ちなみに毎年なぜか少数派になっているアンガールズ田中(MBSラジオの『アッパレやってまーす!』ではそんな田中をイジって「みんなは◯◯だけど田中の蝶だけ△△でした」というメールを募集するコーナーまであるw)は今年もしっかりTEAM BANANAとAマッソに入れていて思わず笑ってしまったw

この7-0連発は審査コメントにも影響。
そもそもTHE Wに限らず過去の賞レースで数多くの審査員が炎上してきた審査コメントだが、自分は特にこの大会は男性が女性を講評するというのがマンスプレイニング構図っぽく見えないか心配していた。
(もちろん当人にそういう意図が無かったとしても)
ただ、それも7-0になると必然的に敗者をフォローするコメントが中心になって良くも悪くも平和。

中には「もっと上沼さんみたいな人がほしい」と、M-1グランプリの審査で「嫌い」と辛らつに批判した上沼恵美子のような存在を求める声もあった。

こたつ記事にツッコむのも野暮だが、別に「嫌い」は辛口審査ではないだろうw

ちなみに麒麟・川島は意識的か無意識か要所でボケを挟んでいたような?

ヨネダ2000が2番手で最悪でした。
タメ口は周りが我慢してるだけっていうのを森泉さんに見てほしい。

何かしらの危機察知能力が働いたのか単に番組を盛り上げようとしただけかw
逆にアンガールズ田中とドランクドラゴン塚地は言葉を重ねながら何とか伝わるように説明している様子だった。

M-1決勝とのスケジューリング

THE W決勝の翌週に予定されているのが名実ともに日本一のお笑い賞レースであるM-1グランプリ決勝。
そうなると、審査員の立場で考えると漫才でこの大会を勝たせるの難しいよなぁ。
「THE Wで優勝したあの漫才師ってM-1は準決勝にも進出してないんだって」となると大会の格にも響くし。
漫才師は損な役回りな気がする。

まさに今年の決勝に残っていたヨネダ2000は来週のM-1決勝にも残っている。
披露したネタはコント2本で漫才は“温存”

これはあくまで「妄想」で、本当に実現した場合は何かグロテスクで残酷なものが露呈する可能性もあるので結果はこれで良かったのだと思う。
THE WとM-1の両方の決勝に残るコンビがいるのは確率的には惑星直列みたいなもので次回がいつになるのかは分からないが…
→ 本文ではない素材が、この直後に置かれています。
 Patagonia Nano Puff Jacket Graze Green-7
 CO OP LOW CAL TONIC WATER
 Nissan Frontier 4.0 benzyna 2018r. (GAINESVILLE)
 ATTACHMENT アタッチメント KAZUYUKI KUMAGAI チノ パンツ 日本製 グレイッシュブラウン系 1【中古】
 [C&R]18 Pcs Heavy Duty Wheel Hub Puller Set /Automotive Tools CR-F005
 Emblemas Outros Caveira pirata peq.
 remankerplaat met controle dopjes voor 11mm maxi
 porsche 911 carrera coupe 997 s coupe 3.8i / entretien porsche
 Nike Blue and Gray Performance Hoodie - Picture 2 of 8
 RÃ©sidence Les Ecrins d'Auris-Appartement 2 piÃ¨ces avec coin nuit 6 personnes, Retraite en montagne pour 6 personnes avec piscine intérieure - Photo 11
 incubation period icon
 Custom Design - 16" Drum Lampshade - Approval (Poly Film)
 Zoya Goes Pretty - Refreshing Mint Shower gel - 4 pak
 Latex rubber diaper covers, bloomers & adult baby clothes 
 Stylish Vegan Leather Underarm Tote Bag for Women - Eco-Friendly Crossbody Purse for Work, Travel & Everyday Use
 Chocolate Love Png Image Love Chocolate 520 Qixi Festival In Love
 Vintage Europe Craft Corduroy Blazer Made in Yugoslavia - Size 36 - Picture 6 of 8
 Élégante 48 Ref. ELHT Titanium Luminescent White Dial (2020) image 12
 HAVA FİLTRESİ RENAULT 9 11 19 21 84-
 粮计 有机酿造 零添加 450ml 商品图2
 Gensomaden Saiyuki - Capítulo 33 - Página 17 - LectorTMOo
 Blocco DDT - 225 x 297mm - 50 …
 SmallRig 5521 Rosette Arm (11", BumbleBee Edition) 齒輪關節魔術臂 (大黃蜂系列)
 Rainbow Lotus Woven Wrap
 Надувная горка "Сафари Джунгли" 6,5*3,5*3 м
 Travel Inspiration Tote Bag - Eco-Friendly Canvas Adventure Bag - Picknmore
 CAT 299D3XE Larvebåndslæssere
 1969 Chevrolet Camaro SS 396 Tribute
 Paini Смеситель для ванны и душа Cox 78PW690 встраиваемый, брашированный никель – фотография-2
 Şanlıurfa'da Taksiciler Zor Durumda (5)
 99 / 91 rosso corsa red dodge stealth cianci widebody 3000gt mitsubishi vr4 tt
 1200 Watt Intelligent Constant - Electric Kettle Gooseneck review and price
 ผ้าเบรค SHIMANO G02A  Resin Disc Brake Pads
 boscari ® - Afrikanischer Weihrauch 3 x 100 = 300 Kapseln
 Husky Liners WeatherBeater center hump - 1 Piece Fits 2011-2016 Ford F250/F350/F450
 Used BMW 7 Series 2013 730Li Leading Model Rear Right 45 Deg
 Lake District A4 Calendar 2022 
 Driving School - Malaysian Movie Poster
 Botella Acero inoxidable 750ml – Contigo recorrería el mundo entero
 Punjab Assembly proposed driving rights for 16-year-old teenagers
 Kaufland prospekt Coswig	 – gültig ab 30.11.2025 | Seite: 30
と昨晩はそう思って寝たのだが、翌日こんなニュースが飛び込んできた。

審査員・山田邦子はTHE Wが使えないカードである。

恐らくは不幸な連絡の行き違いがあったのでしょうが、この経緯を踏まえるとTHE Wの審査員に山田邦子はあり得ないと考えられる。

順当に考えれば女性漫才師の代表格であるハイヒール・やすともに断られたのかなぁと思うわけですが(さすがにM-1の会議で名前が挙がらなかったはずはないだろう)そこでTHE Wが使えないカードを切ってくるのは興味深い。
まぁ審査員適性とは全く別の観点だが。

ただ、そうなるとヨネダ2000がTHE W現役王者としてM-1決勝に乗り込んできて山田邦子に審査されるという更なる惑星直列を見てみたかったという気はしてしまう。